→ **PROBLEM TO WORK ON**
Would you repeat the listing exactly, without any of its images?

→ **MATERIAL SUPPLIED**
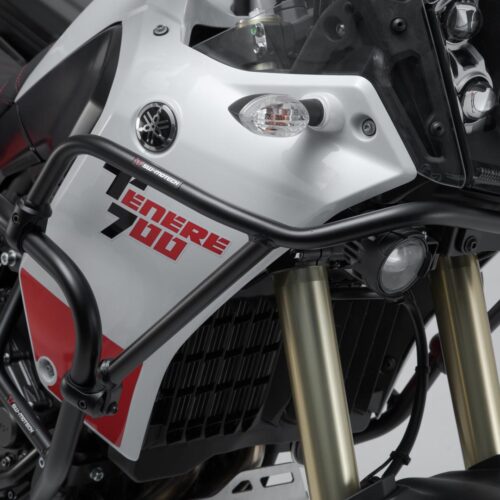 Crashbar haut Noir. Yamaha Ténéré 700 (19-).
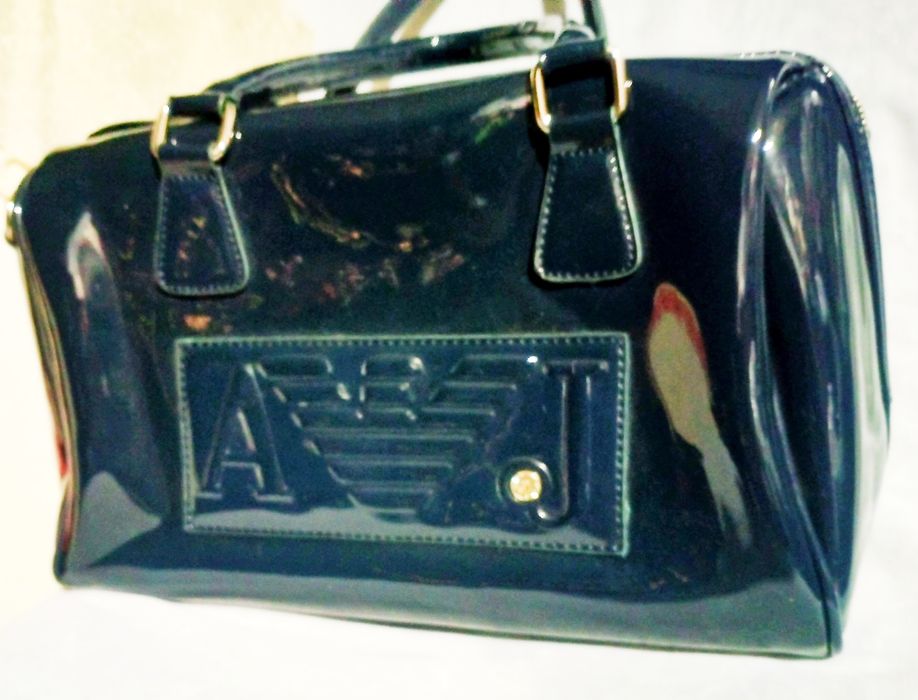 Armani J. Torba damska lakierowana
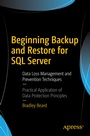 Cover: Beginning Backup and Restore for SQL Server - APress
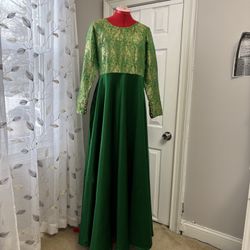 Banarsi Long Dress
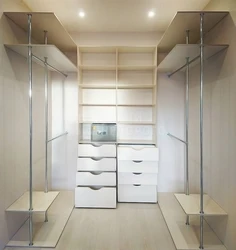 Photo Of Do-It-Yourself Dressing Rooms In An Apartment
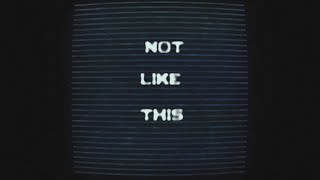 medyo maybe - Not Like This (Lyric Video)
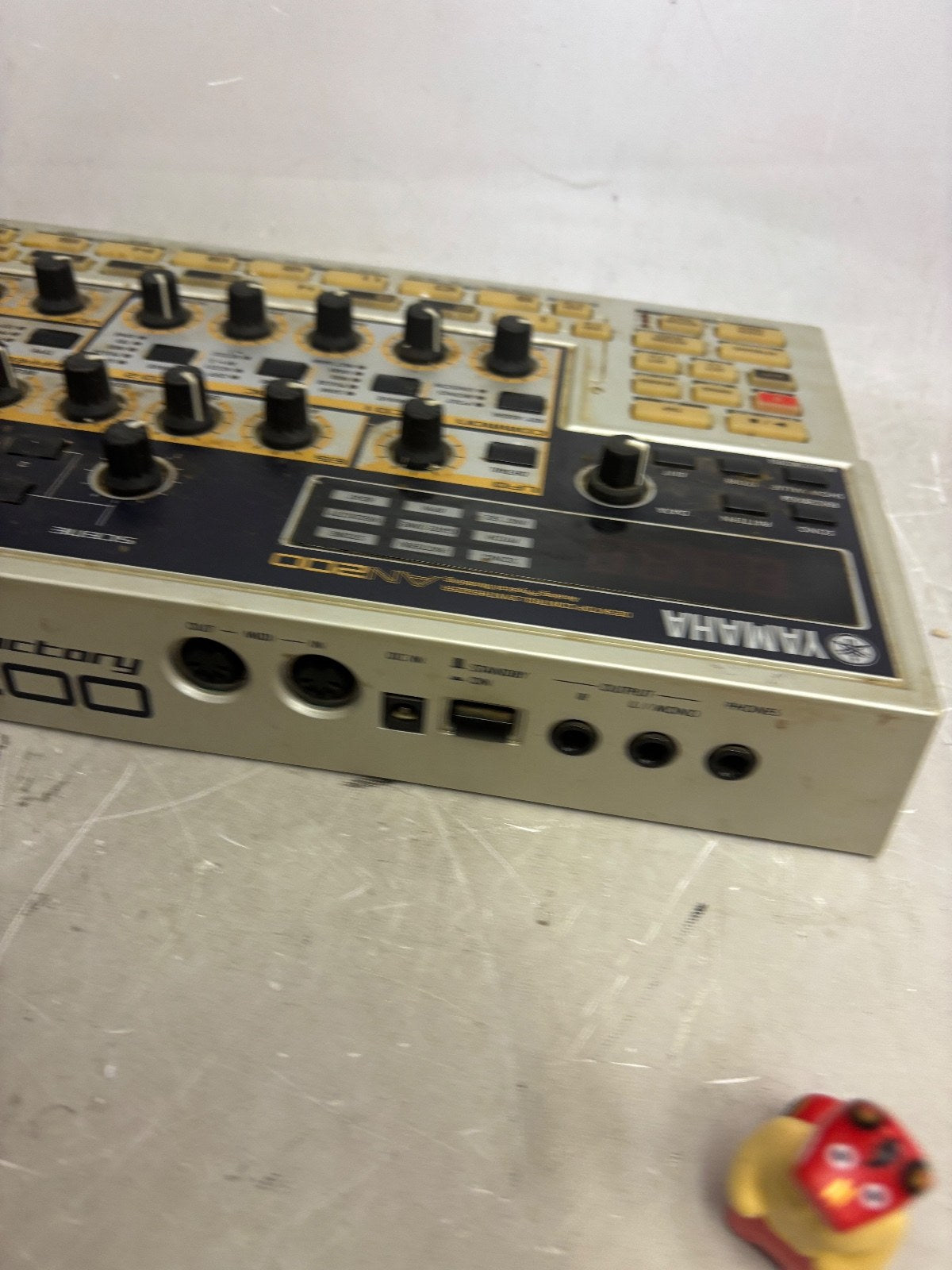 Yamaha AN200 Desktop Control Synthesizer Not Tested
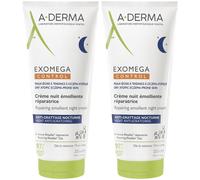 A-Derma Exomega Control Crema Notte emolliente ristrutturante, Lenisce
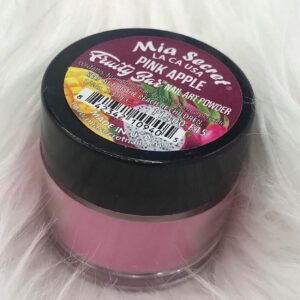 Mia Secret Professional acrylic powder Fruity Bar collection 12 piece or single jar Pick Yours (PINK APPLE)
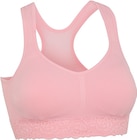 Soft-Bustier mit Spitze Angebote bei Rossmann Wiesbaden für 7,99 €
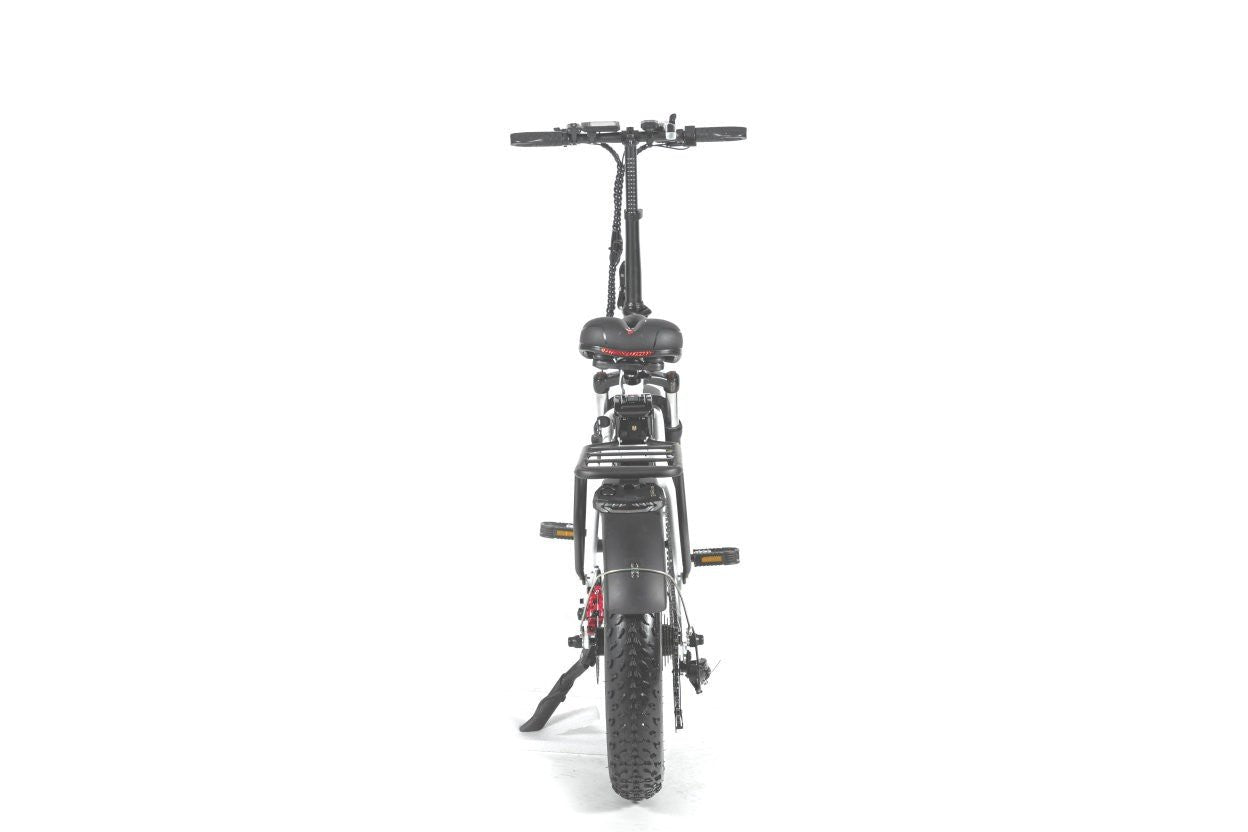 Touring E - bike fat tire E - bike - evcustom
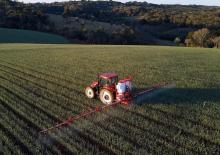 Irroratrice con barra montabile Kuhn Porter 600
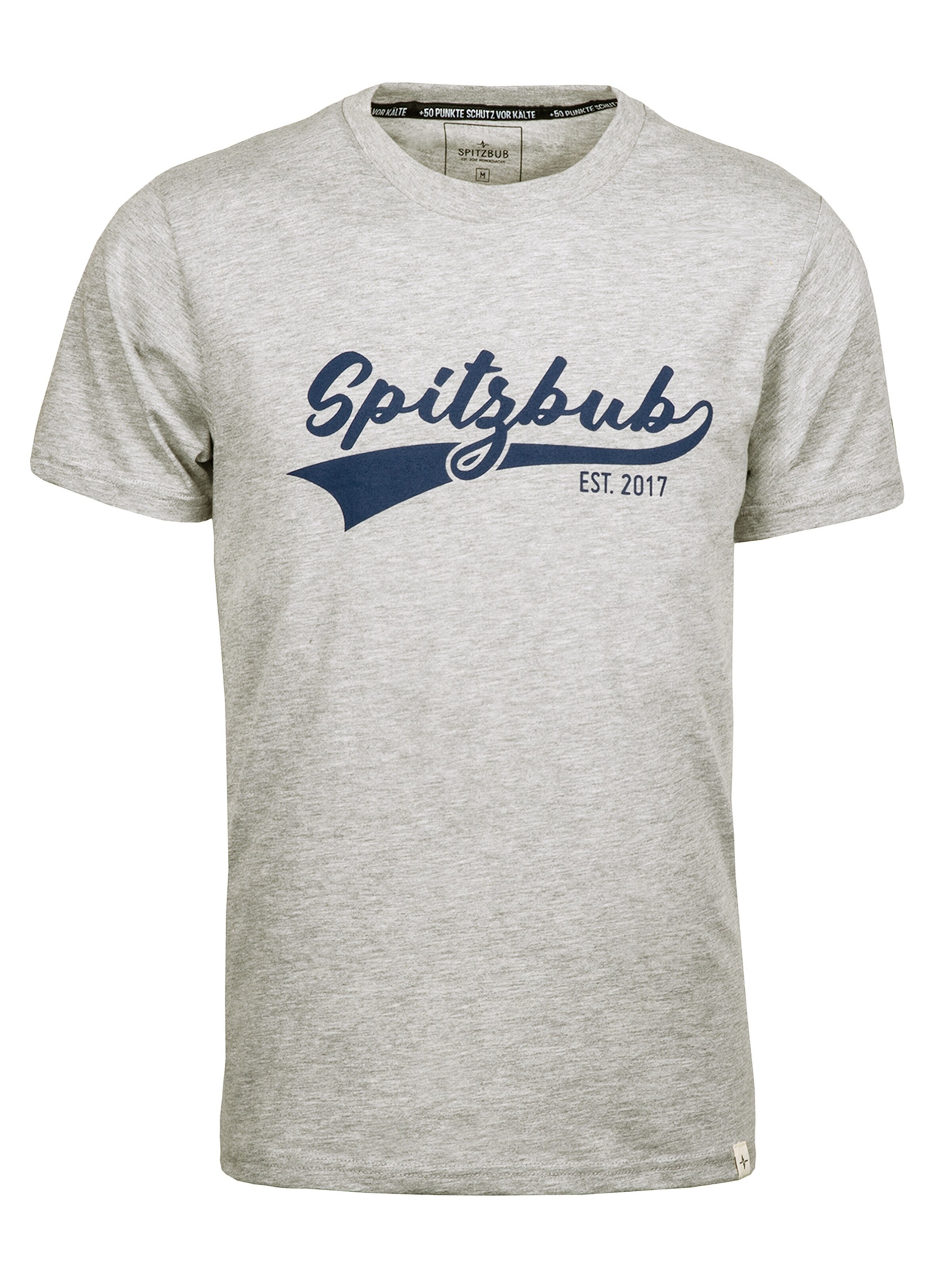 SPITZBUB Shirt 'Julius' in Grey: front
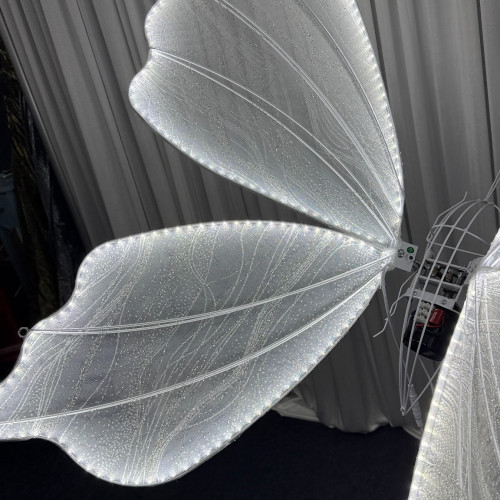 Wedding Electric Butterfly Floor Lamp-Giant Moving Butterfly Lights – Ex Demo – Wholesale  for Wedding Decorators | WeddingMart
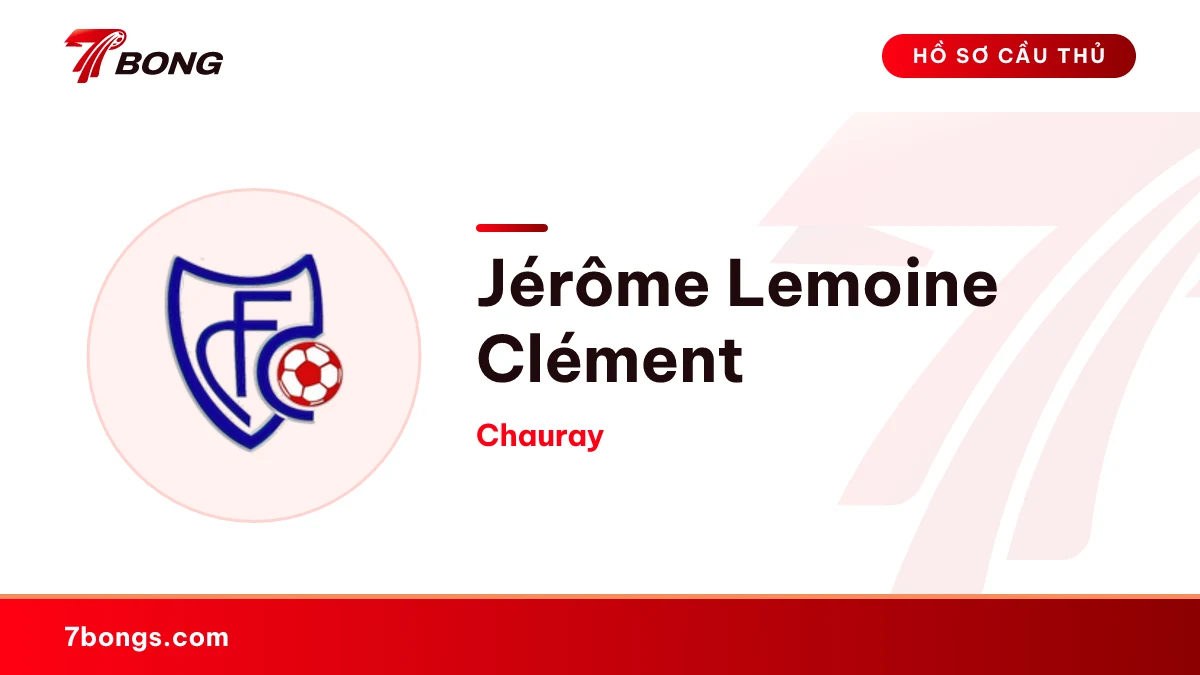 Jérôme Lemoine Clément — Chauray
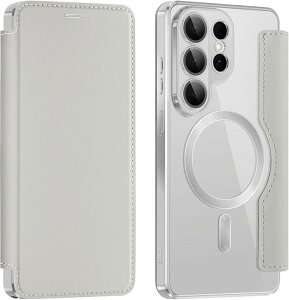 Galaxy S26 �P�[�X �蒠�^ �J�[�h�|�P�b�g�t�� �w�ʃN���A ���z�^ TPU+PU�v SC-53G Galaxy S26 Ultra �P�[�X MagSafe�Ή� �J�[�h���[ �ϏՌ� �g�уJ�o�[ ���C�����X�[�d �r�W�l�X �ʋ� �M�����N�V s26 �J�o�[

→ **RESULT OF THE EXERCISE**
 Crashbar haut Noir. Yamaha Ténéré 700 (19-).
 Armani J. Torba damska lakierowana
 Cover: Beginning Backup and Restore for SQL Server - APress
 Banarsi Long Dress
 Photo Of Do-It-Yourself Dressing Rooms In An Apartment
 medyo maybe - Not Like This (Lyric Video)
 Yamaha AN200 Desktop Control Synthesizer Not Tested
 A-Derma Exomega Control Crema Notte emolliente ristrutturante, Lenisce
 Mia Secret Professional acrylic powder Fruity Bar collection 12 piece or single jar Pick Yours (PINK APPLE)
 Soft-Bustier mit Spitze Angebote bei Rossmann Wiesbaden für 7,99 €
 Touring E - bike fat tire E - bike - evcustom
 Irroratrice con barra montabile Kuhn Porter 600
 SPITZBUB Shirt 'Julius' in Grey: front
 Wedding Electric Butterfly Floor Lamp-Giant Moving Butterfly Lights – Ex Demo – Wholesale  for Wedding Decorators | WeddingMart
 Jérôme Lemoine Clément — Chauray
 Galaxy S26 �P�[�X �蒠�^ �J�[�h�|�P�b�g�t�� �w�ʃN���A ���z�^ TPU+PU�v SC-53G Galaxy S26 Ultra �P�[�X MagSafe�Ή� �J�[�h���[ �ϏՌ� �g�уJ�o�[ ���C�����X�[�d �r�W�l�X �ʋ� �M�����N�V s26 �J�o�[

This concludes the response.